Le problème, c'est que Nietzsche affirme plus qu'il ne démontre. Le lui reprocher, c'est de nouveau oublier l'artiste. Il lui importe avant tout de se faire entendre, au sens le plus littéral du terme : comme un musicien, non comme un mathématicien. « Qui songerait à réfuter un son ? », écrit-il. Dans le rapport de Nietzsche à la création artistique, il y a d'abord ce sentiment que les mots ne parviennent jamais à dire ce qu'on veut. Seule la musique, finalement, correspond à une forme de pensée qui se donne immédiatement, singulière et charnelle. Dès la Naissance de la tragédie, son premier grand livre, Nietzsche prévient : « Je ne m'adresserai qu'à ceux qui ont une parenté immédiate avec la musique. » Il a tenu parole, il n'a pas cessé de méditer sur cette énigme qui donne sens à l'existence : « Sans la musique, la vie serait une erreur. » Enfant, il n'eut pas de Noël sans partition, fréquenta plus de musiciens que tout autre, fut un compositeur sans génie mais non sans talent. La musique fut toujours au centre des « excentricités » de ce grand improvisateur. « La musique est de beaucoup ce qu'il y a de mieux », disait-il.

Mais ce mieux évolue, il ne signifie pas toujours la même chose : en vingt ans, Nietzsche passe de Wagner à Bizet, de la musique du Nord à celle du Sud, de l'Allemagne à la France. Lui-même note combien la musique résume tout : « Lorsqu'on a tiré au clair tout ce qui est bon et tout ce qui est mauvais dans Wagner, on a presque établi un bilan définitif des valeurs modernes. » Il ne s'est pas éloigné de la philosophie, au contraire ! Le changement de perspective créé par l'œuvre de Nietzsche tient notamment à cette maxime : « L'on devient plus philosophe à mesure que l'on devient plus musicien. »

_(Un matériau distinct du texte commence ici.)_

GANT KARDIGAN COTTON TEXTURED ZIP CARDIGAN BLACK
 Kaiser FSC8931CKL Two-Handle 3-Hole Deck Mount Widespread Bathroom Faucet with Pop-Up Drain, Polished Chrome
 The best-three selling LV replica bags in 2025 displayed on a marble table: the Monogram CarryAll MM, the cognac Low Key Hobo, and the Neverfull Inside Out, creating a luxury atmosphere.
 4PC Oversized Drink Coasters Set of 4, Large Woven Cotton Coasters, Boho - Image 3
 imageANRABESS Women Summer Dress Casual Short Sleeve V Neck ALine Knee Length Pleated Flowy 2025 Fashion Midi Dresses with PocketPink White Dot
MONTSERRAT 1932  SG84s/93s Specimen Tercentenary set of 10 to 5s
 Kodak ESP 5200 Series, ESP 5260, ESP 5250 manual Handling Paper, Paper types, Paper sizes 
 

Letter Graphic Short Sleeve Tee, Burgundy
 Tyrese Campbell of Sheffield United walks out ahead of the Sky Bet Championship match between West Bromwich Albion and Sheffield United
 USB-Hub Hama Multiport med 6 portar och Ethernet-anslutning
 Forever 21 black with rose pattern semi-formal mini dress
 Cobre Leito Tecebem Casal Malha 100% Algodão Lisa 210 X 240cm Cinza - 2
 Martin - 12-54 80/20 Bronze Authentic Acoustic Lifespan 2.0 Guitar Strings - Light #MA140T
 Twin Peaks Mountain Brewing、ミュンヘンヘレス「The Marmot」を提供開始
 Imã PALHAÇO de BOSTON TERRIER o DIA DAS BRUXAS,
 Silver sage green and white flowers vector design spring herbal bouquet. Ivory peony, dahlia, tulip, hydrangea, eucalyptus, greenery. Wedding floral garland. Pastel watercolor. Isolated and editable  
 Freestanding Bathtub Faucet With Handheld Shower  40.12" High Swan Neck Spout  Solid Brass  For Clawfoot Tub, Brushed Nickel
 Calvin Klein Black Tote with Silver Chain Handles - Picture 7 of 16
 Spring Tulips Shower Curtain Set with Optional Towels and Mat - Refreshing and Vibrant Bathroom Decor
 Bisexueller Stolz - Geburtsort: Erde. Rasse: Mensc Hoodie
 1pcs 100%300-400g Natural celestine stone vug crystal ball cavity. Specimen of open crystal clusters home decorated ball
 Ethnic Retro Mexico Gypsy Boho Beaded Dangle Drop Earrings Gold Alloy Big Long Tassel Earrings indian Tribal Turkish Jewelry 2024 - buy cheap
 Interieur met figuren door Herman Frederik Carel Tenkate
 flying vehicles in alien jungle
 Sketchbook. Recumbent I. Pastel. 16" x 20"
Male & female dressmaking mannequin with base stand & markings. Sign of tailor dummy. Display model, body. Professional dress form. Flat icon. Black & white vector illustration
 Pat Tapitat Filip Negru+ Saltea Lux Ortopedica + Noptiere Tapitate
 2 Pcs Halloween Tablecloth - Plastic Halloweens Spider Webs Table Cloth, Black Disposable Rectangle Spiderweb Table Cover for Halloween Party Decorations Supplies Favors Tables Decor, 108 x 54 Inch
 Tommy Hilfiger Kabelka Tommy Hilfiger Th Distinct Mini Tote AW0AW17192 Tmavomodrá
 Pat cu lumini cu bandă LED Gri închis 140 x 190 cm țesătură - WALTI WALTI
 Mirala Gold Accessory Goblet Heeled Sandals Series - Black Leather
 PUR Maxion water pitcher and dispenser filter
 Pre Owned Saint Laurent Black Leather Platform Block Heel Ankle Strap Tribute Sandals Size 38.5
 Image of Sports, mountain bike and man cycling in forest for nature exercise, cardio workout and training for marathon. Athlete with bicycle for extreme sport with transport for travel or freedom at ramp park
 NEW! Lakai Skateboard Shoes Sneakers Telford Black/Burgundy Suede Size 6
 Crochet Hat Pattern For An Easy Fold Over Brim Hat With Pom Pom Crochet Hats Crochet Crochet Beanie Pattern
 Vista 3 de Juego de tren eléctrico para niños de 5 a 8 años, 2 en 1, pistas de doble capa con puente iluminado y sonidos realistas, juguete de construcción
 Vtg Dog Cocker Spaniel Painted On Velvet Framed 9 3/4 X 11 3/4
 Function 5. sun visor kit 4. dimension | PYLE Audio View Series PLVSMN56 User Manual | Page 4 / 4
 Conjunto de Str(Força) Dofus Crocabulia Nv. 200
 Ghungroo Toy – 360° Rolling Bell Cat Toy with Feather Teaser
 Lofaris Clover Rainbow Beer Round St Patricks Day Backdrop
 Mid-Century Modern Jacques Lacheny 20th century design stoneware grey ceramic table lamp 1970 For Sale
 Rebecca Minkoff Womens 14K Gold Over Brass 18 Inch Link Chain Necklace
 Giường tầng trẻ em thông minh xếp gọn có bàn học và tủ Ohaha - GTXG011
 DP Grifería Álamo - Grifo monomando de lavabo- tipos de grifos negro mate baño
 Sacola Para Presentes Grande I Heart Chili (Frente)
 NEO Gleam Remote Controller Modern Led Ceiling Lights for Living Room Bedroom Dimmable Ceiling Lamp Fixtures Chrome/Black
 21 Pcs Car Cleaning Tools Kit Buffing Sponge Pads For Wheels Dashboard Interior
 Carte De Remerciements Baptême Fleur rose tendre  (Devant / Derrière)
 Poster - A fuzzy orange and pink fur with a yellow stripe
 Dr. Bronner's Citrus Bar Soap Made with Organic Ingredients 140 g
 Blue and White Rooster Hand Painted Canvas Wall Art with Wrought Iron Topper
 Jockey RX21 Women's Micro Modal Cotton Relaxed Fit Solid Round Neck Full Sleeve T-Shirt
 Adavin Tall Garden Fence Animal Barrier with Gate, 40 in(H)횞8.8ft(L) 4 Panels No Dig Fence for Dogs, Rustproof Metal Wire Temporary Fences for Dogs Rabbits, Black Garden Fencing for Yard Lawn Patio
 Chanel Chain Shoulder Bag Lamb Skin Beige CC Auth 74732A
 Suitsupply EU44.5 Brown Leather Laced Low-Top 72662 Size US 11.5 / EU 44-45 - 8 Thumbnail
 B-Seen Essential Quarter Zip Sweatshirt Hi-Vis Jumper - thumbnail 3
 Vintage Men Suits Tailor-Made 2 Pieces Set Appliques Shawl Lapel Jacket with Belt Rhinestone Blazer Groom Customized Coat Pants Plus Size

Les malentendus les plus fréquents

Si l'on tient ce fil de la pensée artiste et du devenir-musicien, il est possible d'éviter les plus fréquents et grossiers contresens sur la démarche de Nietzsche. L'incohérence, d'abord. Il est vrai que l'on trouve fréquemment chez Nietzsche, d'une page à l'autre, des affirmations contraires, qui peuvent donner l'impression qu'il change d'avis. Doit-on en conclure qu'il est absurde et inconsistant, qu'il soutient tout et son contraire, qu'il écrit n'importe quoi ? Nietzsche doit se lire comme un multiplicateur de points de vue. La bonne question n'est pas : doit-on considérer ce qu'il dit ici (du christianisme, de la morale, du pessimisme, etc.) comme son jugement ultime, définitif, absolu ? La seule interrogation pertinente doit être : de quel lieu, dans quelle perspective, à partir de quel point de vue cet énoncé donné est-il pertinent ? Du fond de la vallée, nul ne considère la rivière qui y serpente du même œil qu'au sommet. Du haut de la montagne, personne n'a la même perspective – ni sur les fonds brumeux ni sur les sommets eux-mêmes. Ces changements d'optique, ce « perspectivisme », peuvent parfois donner le tournis. Mais ils n'ont rien à voir avec des contradictions proprement dites, et moins encore avec une pensée déglinguée.